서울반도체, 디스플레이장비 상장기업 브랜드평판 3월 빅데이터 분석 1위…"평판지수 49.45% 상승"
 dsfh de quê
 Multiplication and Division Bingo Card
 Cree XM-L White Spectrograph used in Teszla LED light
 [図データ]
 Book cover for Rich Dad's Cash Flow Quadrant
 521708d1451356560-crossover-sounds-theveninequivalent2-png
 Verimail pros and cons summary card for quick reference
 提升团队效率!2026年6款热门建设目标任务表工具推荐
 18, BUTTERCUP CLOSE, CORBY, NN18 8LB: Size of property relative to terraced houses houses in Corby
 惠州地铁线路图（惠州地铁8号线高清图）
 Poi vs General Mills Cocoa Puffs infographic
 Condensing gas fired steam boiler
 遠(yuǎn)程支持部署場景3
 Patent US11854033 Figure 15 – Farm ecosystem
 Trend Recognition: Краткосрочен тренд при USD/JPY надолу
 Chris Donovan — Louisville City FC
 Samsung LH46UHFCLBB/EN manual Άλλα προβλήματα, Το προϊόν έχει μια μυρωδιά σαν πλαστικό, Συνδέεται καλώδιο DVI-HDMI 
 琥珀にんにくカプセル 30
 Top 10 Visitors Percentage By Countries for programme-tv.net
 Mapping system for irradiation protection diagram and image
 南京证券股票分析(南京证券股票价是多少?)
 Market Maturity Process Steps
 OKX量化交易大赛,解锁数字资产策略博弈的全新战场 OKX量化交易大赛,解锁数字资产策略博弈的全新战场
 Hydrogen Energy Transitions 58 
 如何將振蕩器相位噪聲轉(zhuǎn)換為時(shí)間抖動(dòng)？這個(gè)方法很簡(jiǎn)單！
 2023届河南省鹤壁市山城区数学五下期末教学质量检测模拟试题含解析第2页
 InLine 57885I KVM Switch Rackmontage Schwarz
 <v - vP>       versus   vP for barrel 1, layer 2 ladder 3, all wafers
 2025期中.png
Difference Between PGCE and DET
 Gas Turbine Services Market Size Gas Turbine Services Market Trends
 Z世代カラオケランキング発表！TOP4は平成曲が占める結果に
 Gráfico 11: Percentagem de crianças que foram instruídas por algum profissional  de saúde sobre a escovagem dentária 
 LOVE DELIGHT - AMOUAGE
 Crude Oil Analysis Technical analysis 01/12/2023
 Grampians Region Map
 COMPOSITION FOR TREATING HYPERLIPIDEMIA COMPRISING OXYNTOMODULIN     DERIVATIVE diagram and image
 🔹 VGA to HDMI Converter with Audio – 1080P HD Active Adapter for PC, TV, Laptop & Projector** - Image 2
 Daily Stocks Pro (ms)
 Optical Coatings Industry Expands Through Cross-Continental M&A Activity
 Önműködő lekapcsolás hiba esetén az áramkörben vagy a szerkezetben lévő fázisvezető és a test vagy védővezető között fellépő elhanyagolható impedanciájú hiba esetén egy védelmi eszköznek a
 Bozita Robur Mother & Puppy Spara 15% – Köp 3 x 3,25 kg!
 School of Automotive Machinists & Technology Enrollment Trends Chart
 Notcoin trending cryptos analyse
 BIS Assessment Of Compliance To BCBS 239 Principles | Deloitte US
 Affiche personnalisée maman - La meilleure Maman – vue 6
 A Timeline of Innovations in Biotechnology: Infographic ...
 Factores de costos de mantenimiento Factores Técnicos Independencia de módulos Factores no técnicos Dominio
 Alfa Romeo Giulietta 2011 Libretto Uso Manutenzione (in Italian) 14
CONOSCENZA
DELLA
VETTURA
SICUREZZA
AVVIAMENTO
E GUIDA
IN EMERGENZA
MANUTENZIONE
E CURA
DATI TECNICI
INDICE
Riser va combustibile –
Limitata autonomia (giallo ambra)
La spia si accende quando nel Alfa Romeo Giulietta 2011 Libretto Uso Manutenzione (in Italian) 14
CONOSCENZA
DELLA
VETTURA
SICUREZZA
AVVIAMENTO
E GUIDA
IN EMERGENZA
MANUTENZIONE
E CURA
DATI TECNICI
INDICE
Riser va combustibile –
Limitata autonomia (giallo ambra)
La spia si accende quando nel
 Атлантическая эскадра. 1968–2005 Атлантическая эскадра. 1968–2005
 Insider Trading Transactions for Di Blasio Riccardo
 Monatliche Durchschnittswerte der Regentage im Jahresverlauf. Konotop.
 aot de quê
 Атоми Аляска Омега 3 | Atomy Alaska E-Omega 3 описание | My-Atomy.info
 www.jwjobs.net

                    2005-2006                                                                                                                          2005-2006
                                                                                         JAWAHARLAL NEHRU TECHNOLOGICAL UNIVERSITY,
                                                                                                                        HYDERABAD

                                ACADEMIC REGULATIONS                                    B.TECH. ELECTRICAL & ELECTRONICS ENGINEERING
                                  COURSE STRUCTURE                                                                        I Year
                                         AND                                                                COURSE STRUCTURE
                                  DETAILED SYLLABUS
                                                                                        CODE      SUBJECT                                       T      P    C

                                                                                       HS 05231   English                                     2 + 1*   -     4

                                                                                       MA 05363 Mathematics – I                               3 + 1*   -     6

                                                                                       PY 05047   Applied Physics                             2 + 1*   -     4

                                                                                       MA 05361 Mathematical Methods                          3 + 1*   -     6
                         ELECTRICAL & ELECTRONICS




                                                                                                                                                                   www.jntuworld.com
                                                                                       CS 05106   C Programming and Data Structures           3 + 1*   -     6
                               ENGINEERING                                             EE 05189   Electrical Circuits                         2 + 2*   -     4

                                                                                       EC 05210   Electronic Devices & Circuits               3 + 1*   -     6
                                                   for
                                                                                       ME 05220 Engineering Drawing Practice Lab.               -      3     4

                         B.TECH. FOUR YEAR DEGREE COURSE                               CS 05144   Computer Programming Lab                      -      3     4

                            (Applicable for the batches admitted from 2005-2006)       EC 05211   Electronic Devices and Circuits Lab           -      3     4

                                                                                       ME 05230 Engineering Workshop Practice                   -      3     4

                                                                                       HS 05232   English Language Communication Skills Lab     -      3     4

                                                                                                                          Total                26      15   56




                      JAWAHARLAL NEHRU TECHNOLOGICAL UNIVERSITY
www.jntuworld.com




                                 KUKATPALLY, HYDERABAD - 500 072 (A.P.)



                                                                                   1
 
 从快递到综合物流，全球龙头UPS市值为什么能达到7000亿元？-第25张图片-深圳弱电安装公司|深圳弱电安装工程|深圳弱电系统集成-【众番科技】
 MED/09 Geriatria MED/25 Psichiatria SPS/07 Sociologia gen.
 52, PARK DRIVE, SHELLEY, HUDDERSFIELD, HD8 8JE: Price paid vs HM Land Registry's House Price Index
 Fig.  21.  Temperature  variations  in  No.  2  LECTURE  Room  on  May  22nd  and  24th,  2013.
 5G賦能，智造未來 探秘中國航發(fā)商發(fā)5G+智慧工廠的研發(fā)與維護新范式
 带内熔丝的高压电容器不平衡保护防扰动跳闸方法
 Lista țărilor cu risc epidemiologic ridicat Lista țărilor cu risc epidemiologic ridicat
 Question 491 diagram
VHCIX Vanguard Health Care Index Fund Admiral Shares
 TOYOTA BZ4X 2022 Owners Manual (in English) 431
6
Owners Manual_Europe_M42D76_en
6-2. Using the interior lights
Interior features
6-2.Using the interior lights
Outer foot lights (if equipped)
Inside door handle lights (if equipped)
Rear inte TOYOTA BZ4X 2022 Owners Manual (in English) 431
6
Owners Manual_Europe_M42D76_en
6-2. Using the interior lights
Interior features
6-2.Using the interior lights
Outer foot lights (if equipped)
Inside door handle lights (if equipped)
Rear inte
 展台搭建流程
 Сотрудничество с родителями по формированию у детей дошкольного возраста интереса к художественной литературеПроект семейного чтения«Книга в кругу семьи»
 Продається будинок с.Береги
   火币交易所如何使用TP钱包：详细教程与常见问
───
TASK INSTRUCTIONS:
What is needed is an exact transcription of every record above.

FINISHED EXERCISE:
서울반도체, 디스플레이장비 상장기업 브랜드평판 3월 빅데이터 분석 1위…"평판지수 49.45% 상승"
 dsfh de quê
 Multiplication and Division Bingo Card
 Cree XM-L White Spectrograph used in Teszla LED light
 [図データ]
 Book cover for Rich Dad's Cash Flow Quadrant
 521708d1451356560-crossover-sounds-theveninequivalent2-png
 Verimail pros and cons summary card for quick reference
 提升团队效率!2026年6款热门建设目标任务表工具推荐
 18, BUTTERCUP CLOSE, CORBY, NN18 8LB: Size of property relative to terraced houses houses in Corby
 惠州地铁线路图（惠州地铁8号线高清图）
 Poi vs General Mills Cocoa Puffs infographic
 Condensing gas fired steam boiler
 遠(yuǎn)程支持部署場景3
 Patent US11854033 Figure 15 – Farm ecosystem
 Trend Recognition: Краткосрочен тренд при USD/JPY надолу
 Chris Donovan — Louisville City FC
 Samsung LH46UHFCLBB/EN manual Άλλα προβλήματα, Το προϊόν έχει μια μυρωδιά σαν πλαστικό, Συνδέεται καλώδιο DVI-HDMI 
 琥珀にんにくカプセル 30
 Top 10 Visitors Percentage By Countries for programme-tv.net
 Mapping system for irradiation protection diagram and image
 南京证券股票分析(南京证券股票价是多少?)
 Market Maturity Process Steps
 OKX量化交易大赛,解锁数字资产策略博弈的全新战场 OKX量化交易大赛,解锁数字资产策略博弈的全新战场
 Hydrogen Energy Transitions 58 
 如何將振蕩器相位噪聲轉(zhuǎn)換為時(shí)間抖動(dòng)？這個(gè)方法很簡(jiǎn)單！
 2023届河南省鹤壁市山城区数学五下期末教学质量检测模拟试题含解析第2页
 InLine 57885I KVM Switch Rackmontage Schwarz
 <v - vP>       versus   vP for barrel 1, layer 2 ladder 3, all wafers
 2025期中.png
Difference Between PGCE and DET
 Gas Turbine Services Market Size Gas Turbine Services Market Trends
 Z世代カラオケランキング発表！TOP4は平成曲が占める結果に
 Gráfico 11: Percentagem de crianças que foram instruídas por algum profissional  de saúde sobre a escovagem dentária 
 LOVE DELIGHT - AMOUAGE
 Crude Oil Analysis Technical analysis 01/12/2023
 Grampians Region Map
 COMPOSITION FOR TREATING HYPERLIPIDEMIA COMPRISING OXYNTOMODULIN     DERIVATIVE diagram and image
 🔹 VGA to HDMI Converter with Audio – 1080P HD Active Adapter for PC, TV, Laptop & Projector** - Image 2
 Daily Stocks Pro (ms)
 Optical Coatings Industry Expands Through Cross-Continental M&A Activity
 Önműködő lekapcsolás hiba esetén az áramkörben vagy a szerkezetben lévő fázisvezető és a test vagy védővezető között fellépő elhanyagolható impedanciájú hiba esetén egy védelmi eszköznek a
 Bozita Robur Mother & Puppy Spara 15% – Köp 3 x 3,25 kg!
 School of Automotive Machinists & Technology Enrollment Trends Chart
 Notcoin trending cryptos analyse
 BIS Assessment Of Compliance To BCBS 239 Principles | Deloitte US
 Affiche personnalisée maman - La meilleure Maman – vue 6
 A Timeline of Innovations in Biotechnology: Infographic ...
 Factores de costos de mantenimiento Factores Técnicos Independencia de módulos Factores no técnicos Dominio
 Alfa Romeo Giulietta 2011 Libretto Uso Manutenzione (in Italian) 14
CONOSCENZA
DELLA
VETTURA
SICUREZZA
AVVIAMENTO
E GUIDA
IN EMERGENZA
MANUTENZIONE
E CURA
DATI TECNICI
INDICE
Riser va combustibile –
Limitata autonomia (giallo ambra)
La spia si accende quando nel Alfa Romeo Giulietta 2011 Libretto Uso Manutenzione (in Italian) 14
CONOSCENZA
DELLA
VETTURA
SICUREZZA
AVVIAMENTO
E GUIDA
IN EMERGENZA
MANUTENZIONE
E CURA
DATI TECNICI
INDICE
Riser va combustibile –
Limitata autonomia (giallo ambra)
La spia si accende quando nel
 Атлантическая эскадра. 1968–2005 Атлантическая эскадра. 1968–2005
 Insider Trading Transactions for Di Blasio Riccardo
 Monatliche Durchschnittswerte der Regentage im Jahresverlauf. Konotop.
 aot de quê
 Атоми Аляска Омега 3 | Atomy Alaska E-Omega 3 описание | My-Atomy.info
 www.jwjobs.net

                    2005-2006                                                                                                                          2005-2006
                                                                                         JAWAHARLAL NEHRU TECHNOLOGICAL UNIVERSITY,
                                                                                                                        HYDERABAD

                                ACADEMIC REGULATIONS                                    B.TECH. ELECTRICAL & ELECTRONICS ENGINEERING
                                  COURSE STRUCTURE                                                                        I Year
                                         AND                                                                COURSE STRUCTURE
                                  DETAILED SYLLABUS
                                                                                        CODE      SUBJECT                                       T      P    C

                                                                                       HS 05231   English                                     2 + 1*   -     4

                                                                                       MA 05363 Mathematics – I                               3 + 1*   -     6

                                                                                       PY 05047   Applied Physics                             2 + 1*   -     4

                                                                                       MA 05361 Mathematical Methods                          3 + 1*   -     6
                         ELECTRICAL & ELECTRONICS




                                                                                                                                                                   www.jntuworld.com
                                                                                       CS 05106   C Programming and Data Structures           3 + 1*   -     6
                               ENGINEERING                                             EE 05189   Electrical Circuits                         2 + 2*   -     4

                                                                                       EC 05210   Electronic Devices & Circuits               3 + 1*   -     6
                                                   for
                                                                                       ME 05220 Engineering Drawing Practice Lab.               -      3     4

                         B.TECH. FOUR YEAR DEGREE COURSE                               CS 05144   Computer Programming Lab                      -      3     4

                            (Applicable for the batches admitted from 2005-2006)       EC 05211   Electronic Devices and Circuits Lab           -      3     4

                                                                                       ME 05230 Engineering Workshop Practice                   -      3     4

                                                                                       HS 05232   English Language Communication Skills Lab     -      3     4

                                                                                                                          Total                26      15   56




                      JAWAHARLAL NEHRU TECHNOLOGICAL UNIVERSITY
www.jntuworld.com




                                 KUKATPALLY, HYDERABAD - 500 072 (A.P.)



                                                                                   1
 
 从快递到综合物流，全球龙头UPS市值为什么能达到7000亿元？-第25张图片-深圳弱电安装公司|深圳弱电安装工程|深圳弱电系统集成-【众番科技】
 MED/09 Geriatria MED/25 Psichiatria SPS/07 Sociologia gen.
 52, PARK DRIVE, SHELLEY, HUDDERSFIELD, HD8 8JE: Price paid vs HM Land Registry's House Price Index
 Fig.  21.  Temperature  variations  in  No.  2  LECTURE  Room  on  May  22nd  and  24th,  2013.
 5G賦能，智造未來 探秘中國航發(fā)商發(fā)5G+智慧工廠的研發(fā)與維護新范式
 带内熔丝的高压电容器不平衡保护防扰动跳闸方法
 Lista țărilor cu risc epidemiologic ridicat Lista țărilor cu risc epidemiologic ridicat
 Question 491 diagram
VHCIX Vanguard Health Care Index Fund Admiral Shares
 TOYOTA BZ4X 2022 Owners Manual (in English) 431
6
Owners Manual_Europe_M42D76_en
6-2. Using the interior lights
Interior features
6-2.Using the interior lights
Outer foot lights (if equipped)
Inside door handle lights (if equipped)
Rear inte TOYOTA BZ4X 2022 Owners Manual (in English) 431
6
Owners Manual_Europe_M42D76_en
6-2. Using the interior lights
Interior features
6-2.Using the interior lights
Outer foot lights (if equipped)
Inside door handle lights (if equipped)
Rear inte
 展台搭建流程
 Сотрудничество с родителями по формированию у детей дошкольного возраста интереса к художественной литературеПроект семейного чтения«Книга в кругу семьи»
 Продається будинок с.Береги
   火币交易所如何使用TP钱包：详细教程与常见问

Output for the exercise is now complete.